Neuf suspects dans les mains de la justice
C’est une avancée majeure dans un dossier qui secoue l’opinion publique.
Selon les informations issues de la presse nationale, neuf personnes sont désormais poursuivies dans l’affaire du meurtre du chauffeur InDrive Yassine, âgé de 22 ans.
Parmi elles, six ont été placées en détention provisoire à la prison d’Oukacha par décision du juge d’instruction près la Cour d’appel de Casablanca.
Les trois autres sont poursuivies en liberté provisoire, dans l’attente de la poursuite des investigations.
Les charges retenues sont particulièrement lourdes : constitution d’une bande criminelle, enlèvement, meurtre avec préméditation, vol qualifié, complicité, non-assistance à personne en danger, dissimulation de preuves et recel.
Un dossier qui dévoile une organisation à plusieurs niveaux
L’enquête, menée sous la supervision du parquet et de la Gendarmerie royale, révèle un schéma criminel complexe.

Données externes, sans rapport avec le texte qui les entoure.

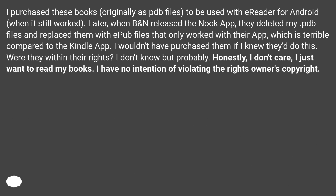I purchased these books, originally as PDB files, to be used with eReader for Android when it still worked. Later, when Barnes & Noble released the Nook app, they deleted my PDB files and replaced them with EPUB files that only worked with their app, which is terrible compared to the Kindle app. I wouldn't have purchased them if I knew they'd do this. Were they within their rights? I don't know, but probably. Honestly, I don't care — I just want to read my books. I have no intention of violating the rights owner's copyright.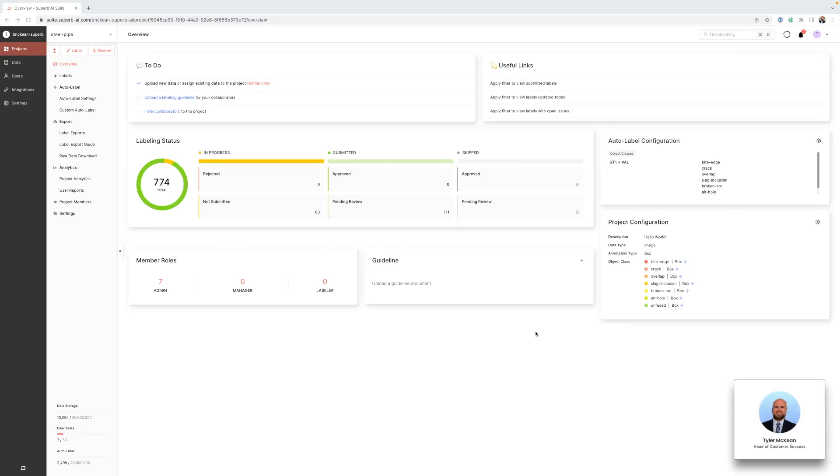Hey everyone, welcome to the Superb AI Academy. My name is Tyler McKean and today we'll be exploring analytics in the Superb AI suite.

Le principal suspect serait un militaire de profession. Il est accusé d’avoir orchestré l’agression avec la complicité de sa maîtresse, une infirmière travaillant dans une clinique privée.

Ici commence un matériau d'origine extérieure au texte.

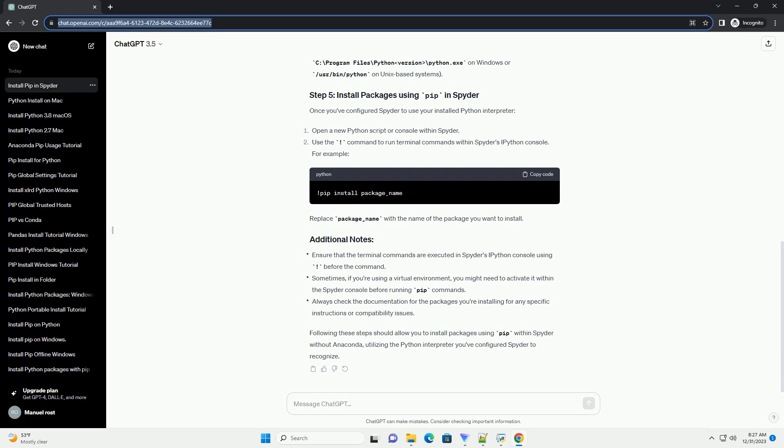Now, you need to configure Spyder to recognize the Python interpreter you've installed.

Cette dernière aurait joué un rôle clé en servant d’appât pour attirer la victime via une course commandée sur l’application InDrive.
Selon les premiers éléments, le piège aurait été simple mais redoutablement efficace : la jeune femme monte à bord du véhicule, suivie du militaire qui s’installe à l’arrière sous prétexte d’une blessure à la jambe. Une fois le trajet engagé, la situation dégénère.
Des faits d’une extrême violence
L’affaire prend ensuite une tournure particulièrement choquante. Le chauffeur aurait été agressé, son véhicule et ses effets personnels volés, avant que le crime ne bascule dans une violence extrême.
Le corps de la victime, Yassine, aurait été déplacé puis incendié dans une zone isolée près d’Ouled Azzouz, à proximité de Casablanca. Une tentative présumée de destruction des preuves pour brouiller les pistes des enquêteurs.
La voiture du jeune chauffeur a, elle, été retrouvée à Mohammedia, un élément qui a élargi le périmètre de l’enquête et accéléré les recoupements entre plusieurs villes.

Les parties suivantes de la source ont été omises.